- **ACTION ITEM**: Skipping each picture, output the entries exactly as they stand below.
== DATA SUPPLIED
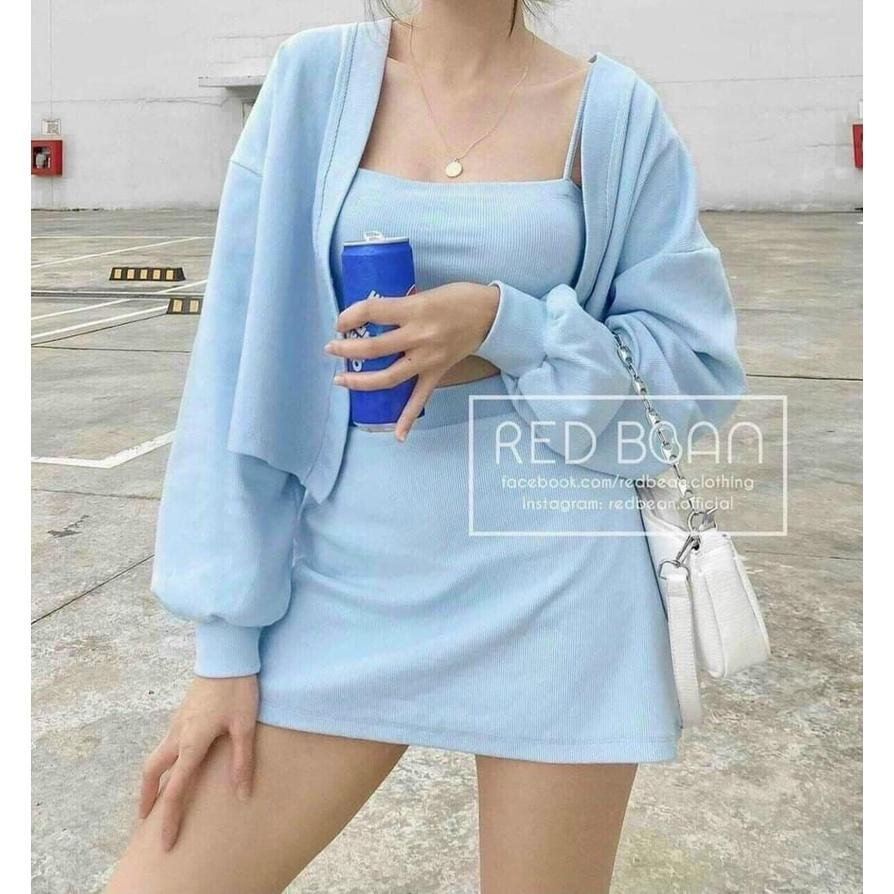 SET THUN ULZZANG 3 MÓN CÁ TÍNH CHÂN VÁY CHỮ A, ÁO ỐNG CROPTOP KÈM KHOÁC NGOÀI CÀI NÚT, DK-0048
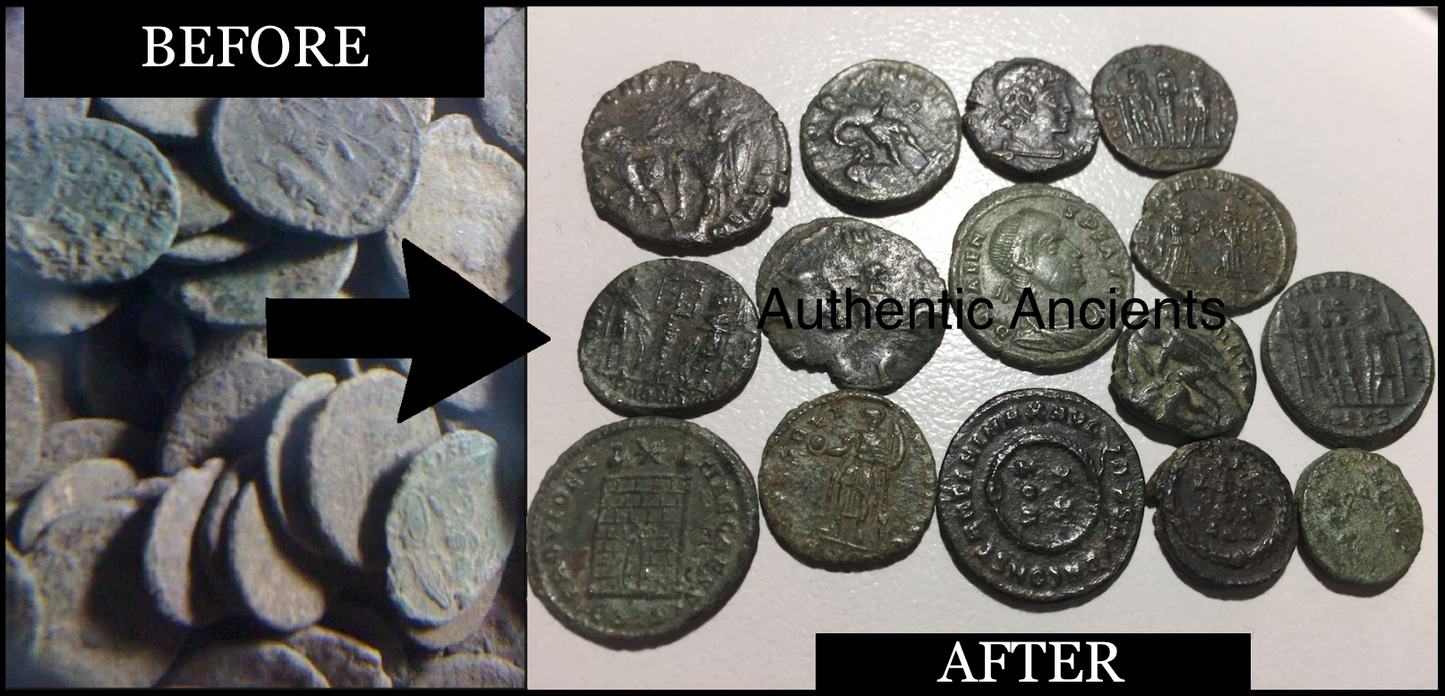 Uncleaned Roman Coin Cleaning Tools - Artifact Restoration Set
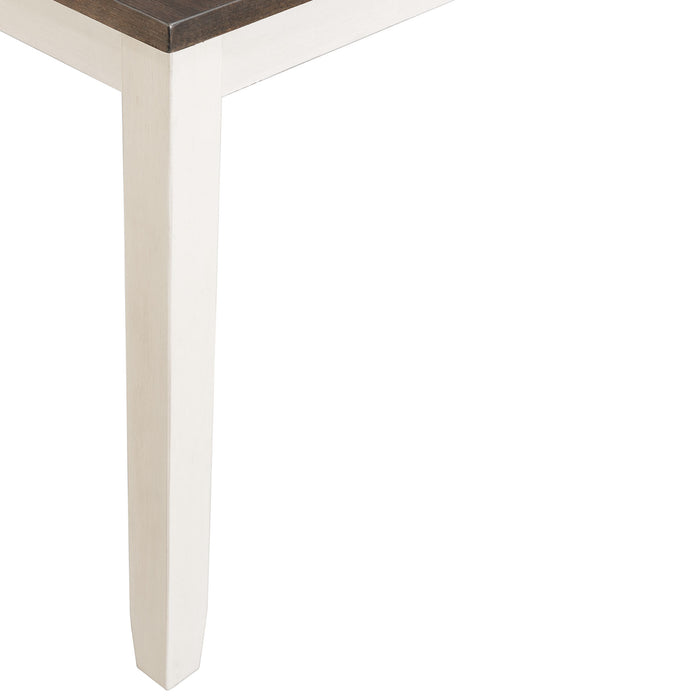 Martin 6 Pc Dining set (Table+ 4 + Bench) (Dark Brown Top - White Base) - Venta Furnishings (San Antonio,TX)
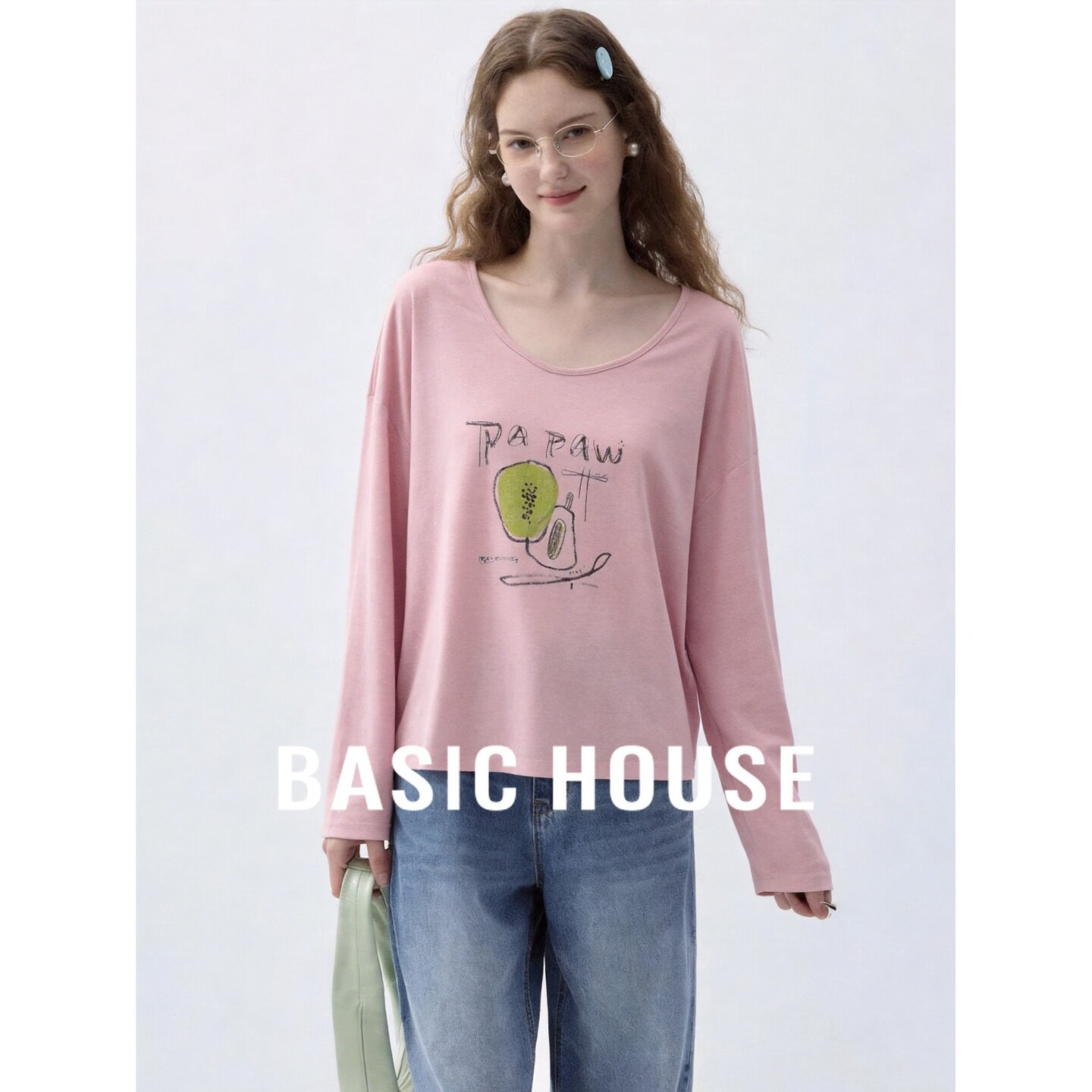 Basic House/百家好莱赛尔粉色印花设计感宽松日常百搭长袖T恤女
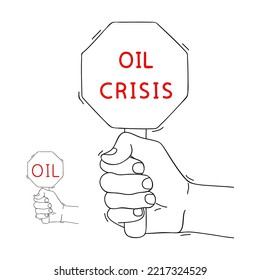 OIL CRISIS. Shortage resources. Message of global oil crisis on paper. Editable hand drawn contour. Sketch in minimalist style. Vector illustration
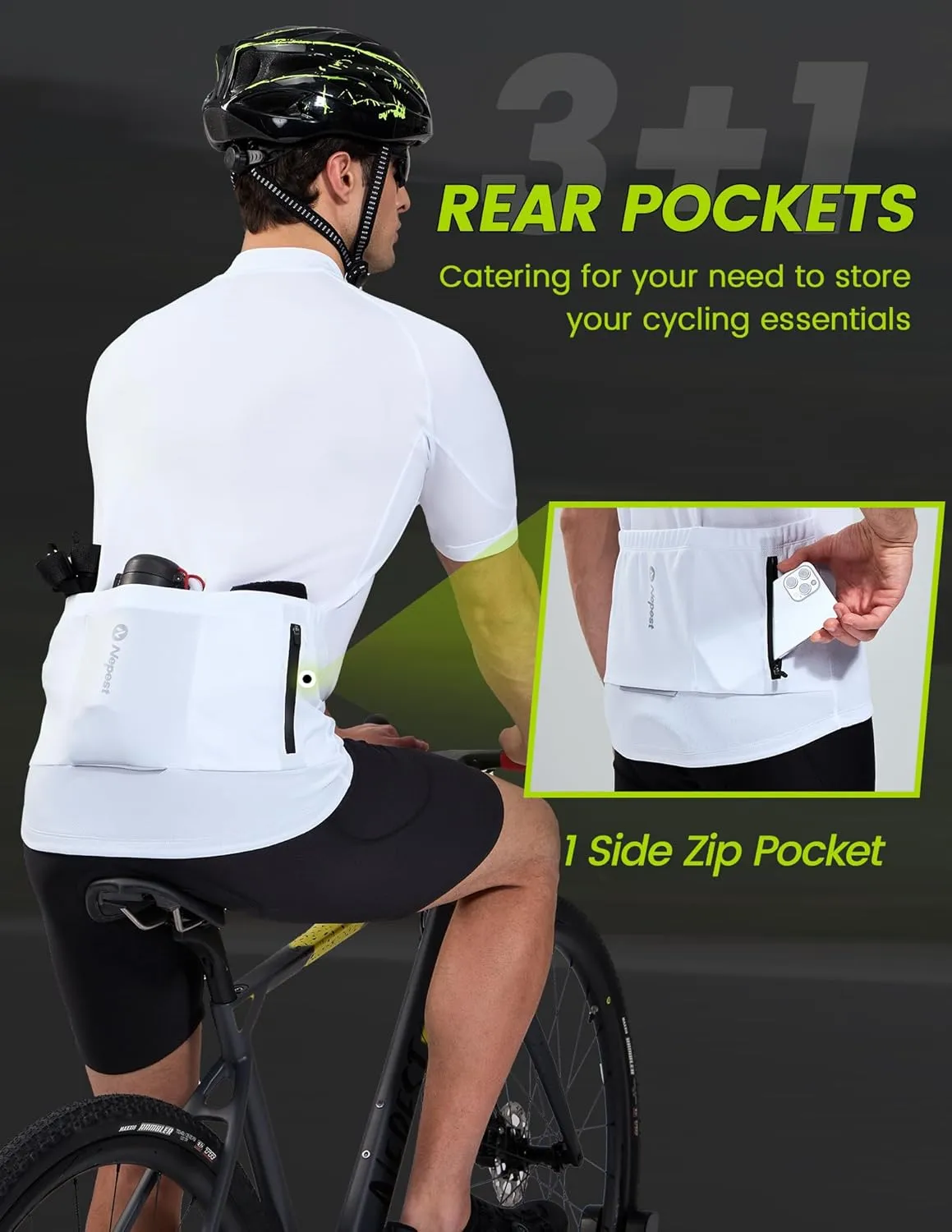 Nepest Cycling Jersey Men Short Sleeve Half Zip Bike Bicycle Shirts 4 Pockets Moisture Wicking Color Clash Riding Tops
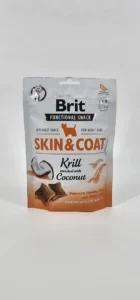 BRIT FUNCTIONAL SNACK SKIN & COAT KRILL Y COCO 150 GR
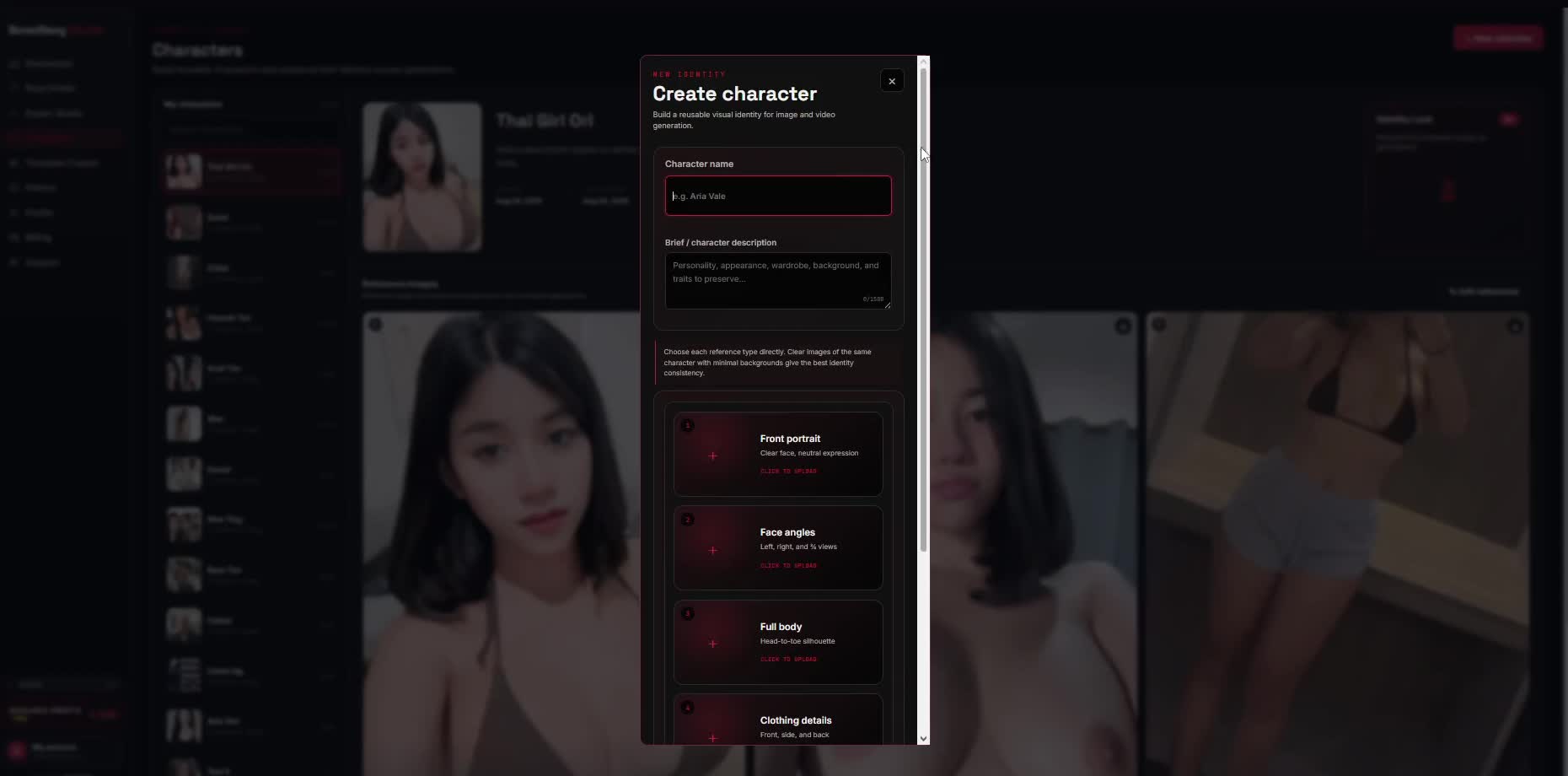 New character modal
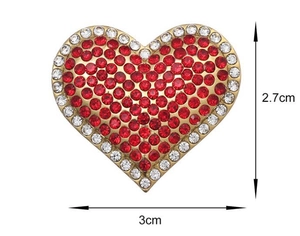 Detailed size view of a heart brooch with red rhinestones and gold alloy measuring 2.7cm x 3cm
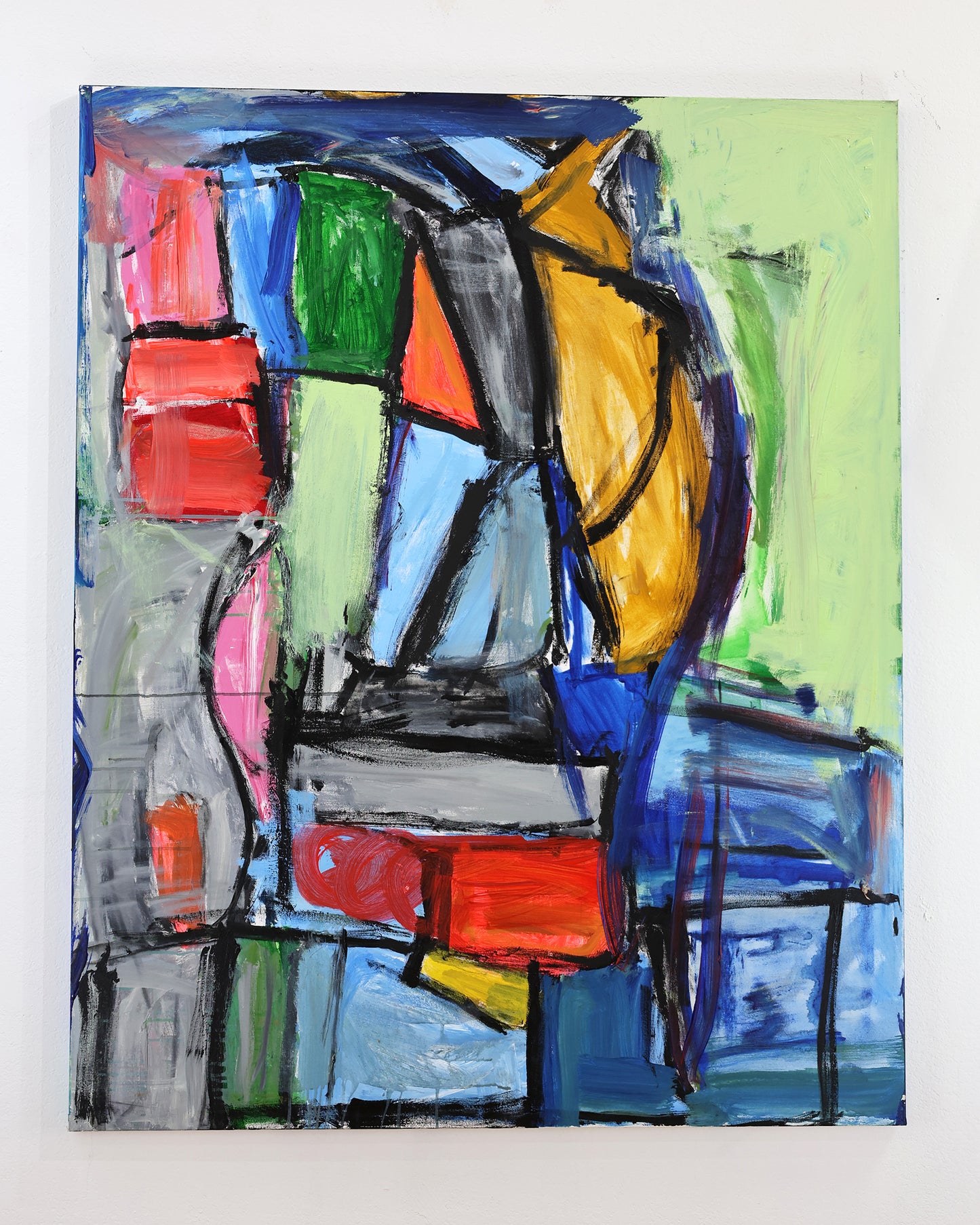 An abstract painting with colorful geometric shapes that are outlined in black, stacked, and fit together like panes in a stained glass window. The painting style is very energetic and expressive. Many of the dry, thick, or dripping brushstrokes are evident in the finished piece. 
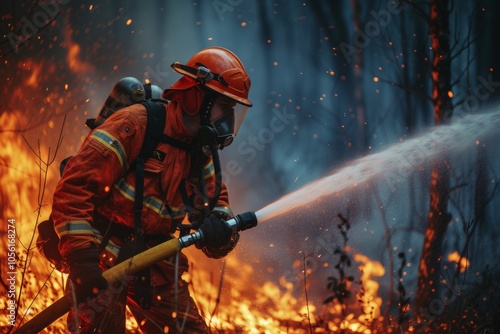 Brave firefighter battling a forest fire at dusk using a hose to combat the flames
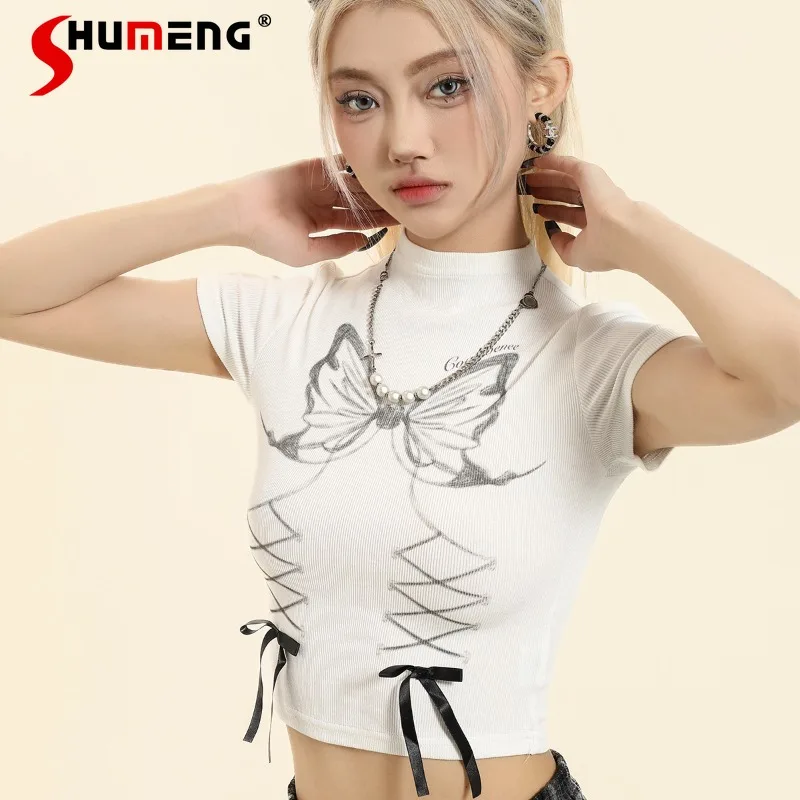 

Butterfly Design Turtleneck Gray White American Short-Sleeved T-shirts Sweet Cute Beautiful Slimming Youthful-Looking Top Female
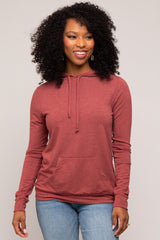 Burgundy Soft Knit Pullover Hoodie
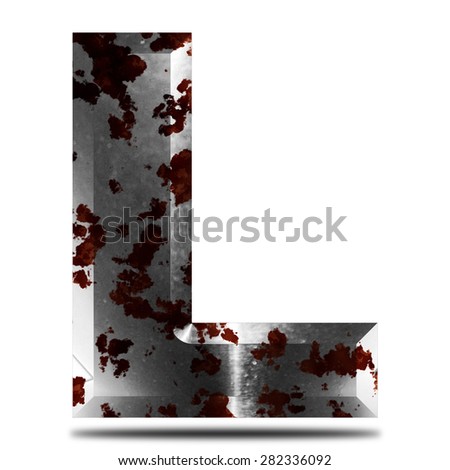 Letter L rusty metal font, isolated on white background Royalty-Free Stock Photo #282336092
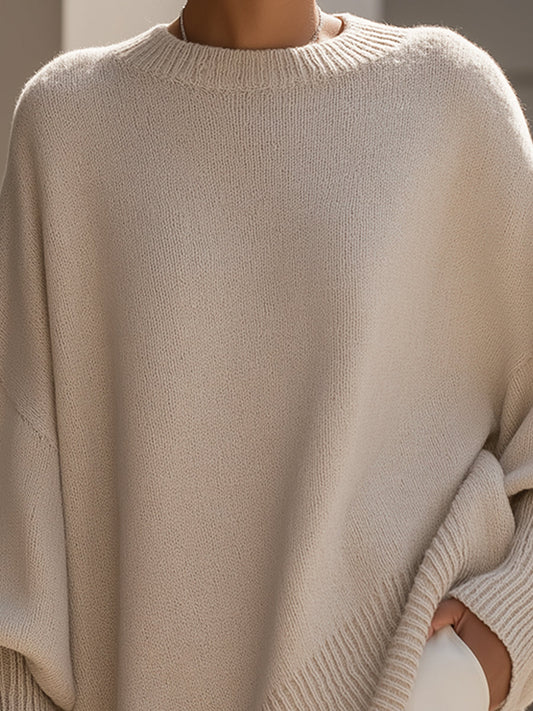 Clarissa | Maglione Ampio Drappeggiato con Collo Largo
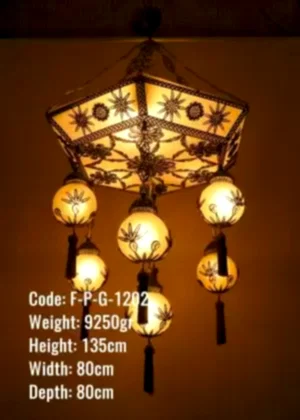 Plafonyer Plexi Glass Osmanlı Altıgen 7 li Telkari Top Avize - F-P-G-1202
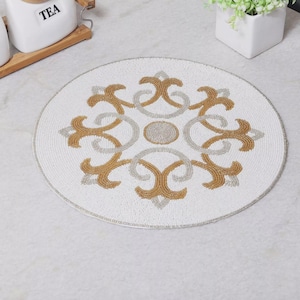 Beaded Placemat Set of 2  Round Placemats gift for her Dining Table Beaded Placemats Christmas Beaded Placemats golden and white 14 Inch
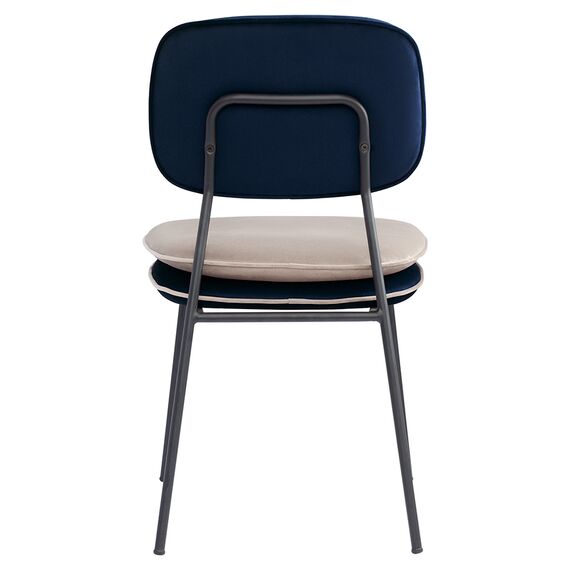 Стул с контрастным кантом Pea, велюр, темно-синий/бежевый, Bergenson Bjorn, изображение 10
====
- **SOLUTION BELOW**:
 SET THUN ULZZANG 3 MÓN CÁ TÍNH CHÂN VÁY CHỮ A, ÁO ỐNG CROPTOP KÈM KHOÁC NGOÀI CÀI NÚT, DK-0048
 Uncleaned Roman Coin Cleaning Tools - Artifact Restoration Set
 Martin 6 Pc Dining set (Table+ 4 + Bench) (Dark Brown Top - White Base) - Venta Furnishings (San Antonio,TX)
 Basic House/百家好莱赛尔粉色印花设计感宽松日常百搭长袖T恤女
 OIL CRISIS. Shortage resources. Message of global oil crisis on paper. Editable hand drawn contour. Sketch in minimalist style. Vector illustration
 Nepest Cycling Jersey Men Short Sleeve Half Zip Bike Bicycle Shirts 4 Pockets Moisture Wicking Color Clash Riding Tops
 BRIT FUNCTIONAL SNACK SKIN & COAT KRILL Y COCO 150 GR
 New character modal
 Detailed size view of a heart brooch with red rhinestones and gold alloy measuring 2.7cm x 3cm
 An abstract painting with colorful geometric shapes that are outlined in black, stacked, and fit together like panes in a stained glass window. The painting style is very energetic and expressive. Many of the dry, thick, or dripping brushstrokes are evident in the finished piece. 
 Brave firefighter battling a forest fire at dusk using a hose to combat the flames

Butterfly Design Turtleneck Gray White American Short-Sleeved T-shirts Sweet Cute Beautiful Slimming Youthful-Looking Top Female
 Burgundy Soft Knit Pullover Hoodie
 Letter L rusty metal font, isolated on white background Royalty-Free Stock Photo #282336092
 Clarissa | Maglione Ampio Drappeggiato con Collo Largo
 Plafonyer Plexi Glass Osmanlı Altıgen 7 li Telkari Top Avize - F-P-G-1202
 Beaded Placemat Set of 2  Round Placemats gift for her Dining Table Beaded Placemats Christmas Beaded Placemats golden and white 14 Inch
 Стул с контрастным кантом Pea, велюр, темно-синий/бежевый, Bergenson Bjorn, изображение 10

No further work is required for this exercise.